# Work required:
An exact copy of the records below is needed, with every picture left out.
[Opening Data provided section]
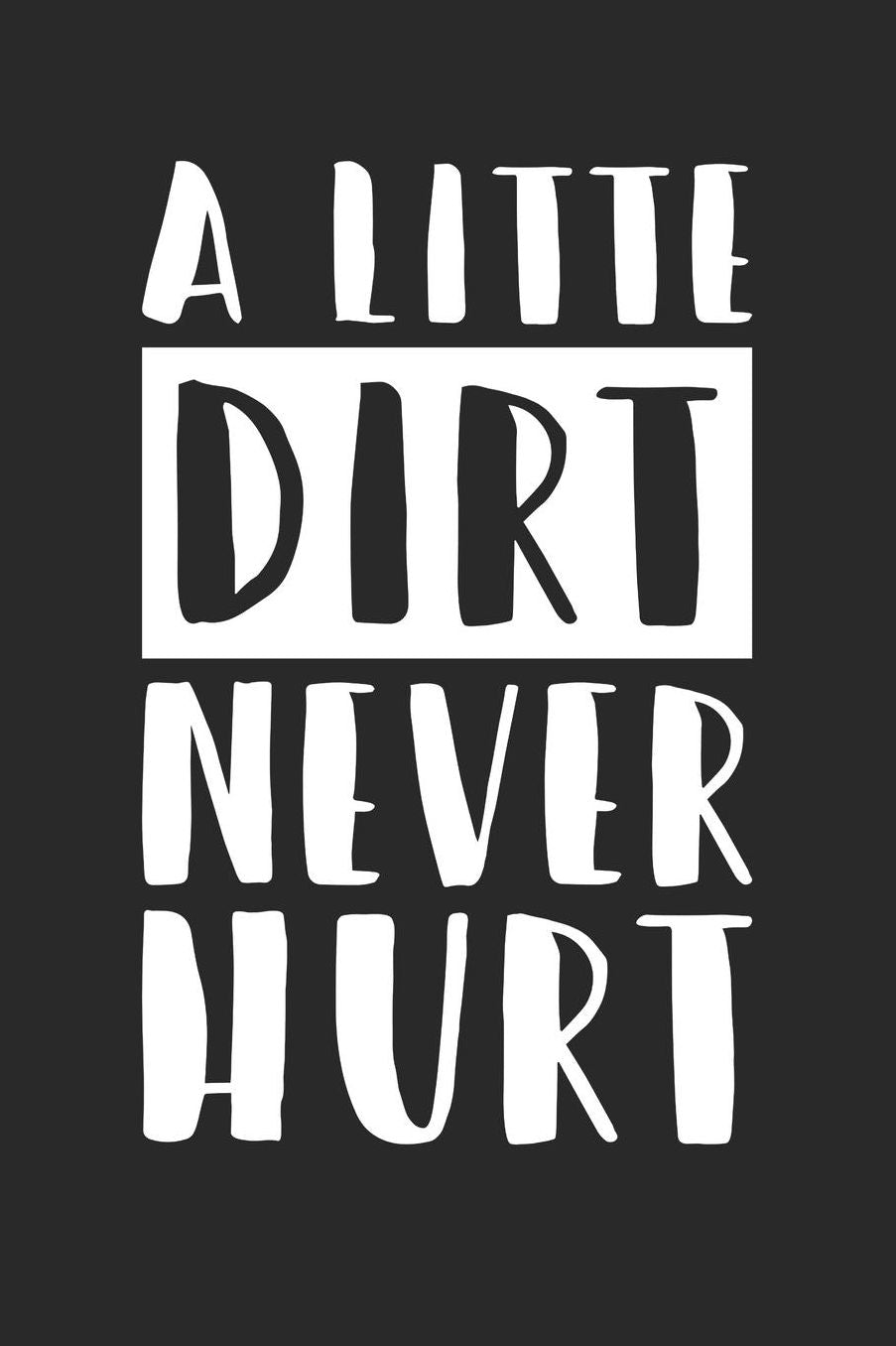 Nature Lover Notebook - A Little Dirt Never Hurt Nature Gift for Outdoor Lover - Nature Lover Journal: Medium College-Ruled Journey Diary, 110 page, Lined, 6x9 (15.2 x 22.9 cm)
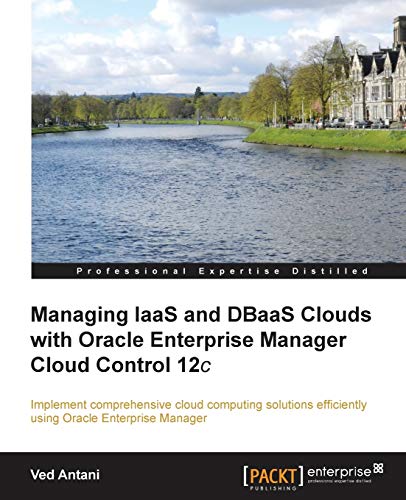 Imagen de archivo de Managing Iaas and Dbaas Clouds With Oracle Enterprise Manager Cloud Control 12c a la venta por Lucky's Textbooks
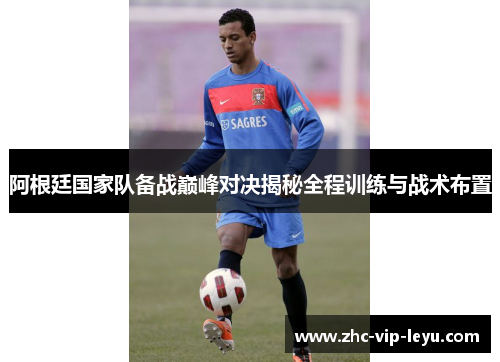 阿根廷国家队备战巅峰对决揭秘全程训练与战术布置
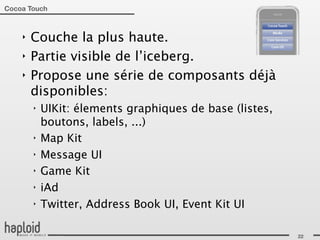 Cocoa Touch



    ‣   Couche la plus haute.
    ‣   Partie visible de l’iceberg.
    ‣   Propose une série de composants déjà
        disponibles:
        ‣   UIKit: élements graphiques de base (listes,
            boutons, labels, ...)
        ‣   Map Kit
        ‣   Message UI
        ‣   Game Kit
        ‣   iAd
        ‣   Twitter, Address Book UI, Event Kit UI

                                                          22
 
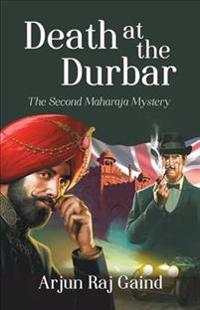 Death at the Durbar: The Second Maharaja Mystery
[Closing Data provided section]
# Answer to this problem:
 Nature Lover Notebook - A Little Dirt Never Hurt Nature Gift for Outdoor Lover - Nature Lover Journal: Medium College-Ruled Journey Diary, 110 page, Lined, 6x9 (15.2 x 22.9 cm)
 Imagen de archivo de Managing Iaas and Dbaas Clouds With Oracle Enterprise Manager Cloud Control 12c a la venta por Lucky's Textbooks
 阿根廷国家队备战巅峰对决揭秘全程训练与战术布置
 Cocoa Touch



    ‣   Couche la plus haute.
    ‣   Partie visible de l’iceberg.
    ‣   Propose une série de composants déjà
        disponibles:
        ‣   UIKit: élements graphiques de base (listes,
            boutons, labels, ...)
        ‣   Map Kit
        ‣   Message UI
        ‣   Game Kit
        ‣   iAd
        ‣   Twitter, Address Book UI, Event Kit UI

                                                          22
 
 Death at the Durbar: The Second Maharaja Mystery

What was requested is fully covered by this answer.